Google unveils dual TPU strategy for training and inference

Mathures Paul

Published 24.04.26, 12:07 PM

Google is separating the tasks of training artificial intelligence and handling inference work into distinct processors. The move will allow the company to take on Nvidia in AI hardware.

Alphabet’s Google Cloud division said its eighth generation of custom-built AI chips, or tensor processing units (TPUs), will be split in two. The TPU 8t will be geared towards model training, while TPU 8i is designed to run AI services after they have been created — a stage known as inference. Demand for inference is gaining momentum as businesses embrace AI agents capable of writing software and performing other tasks. Both chips will become available later this year.

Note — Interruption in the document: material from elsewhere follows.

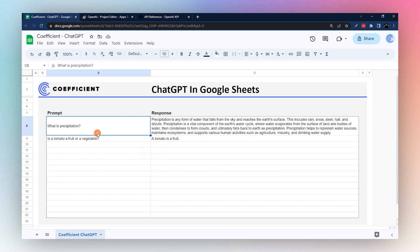Alright, that is it for today. Don't forget to check out the rest of the Coefficient website for more tutorials. And if you have not installed Coefficient, make sure you go ahead and do that now to get all your data into Google Sheets. Thank you.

At the Google Cloud Next event, the company also announced a $750 million fund to help boost corporate AI adoption and showcased tools for building AI agents.

Google is one of the most successful makers of in-house AI chips in an industry dominated by Nvidia. TPUs have become wildly popular in Silicon Valley, and Google is trying to build on that momentum with the latest versions.

“With the rise of AI agents, we determined the community would benefit from chips individually specialised to the needs of training and serving,” Amin Vahdat, a Google senior vice-president and chief technologist for AI and infrastructure, said in a blog post.

Most leading technology companies are pursuing custom semiconductor development for AI to maximise efficiency, while also addressing specialised use cases. Apple, for example, has included Neural Engine AI components in its in-house iPhone chips for years. Microsoft announced a second-generation AI chip in January. A few days ago, Meta said it is working with Broadcom to develop multiple versions of AI processors.

Google has been early to the field. In 2015, the company began using processors it had designed for running AI models.
The training chip, 8t, can be combined into groups of 9,600 semiconductors. Systems of this scale require massive amounts of power, so owners need more efficient systems to make the best use of limited electricity. TPU 8t delivers 124 per cent more performance per watt than the preceding generation, with TPU 8i providing a gain of 117 per cent.

The architecture is designed “to deliver the massive throughput and low latency needed to concurrently run millions of agents cost-effectively,” Sundar Pichai, chief executive of Google parent Alphabet, wrote in a blog post.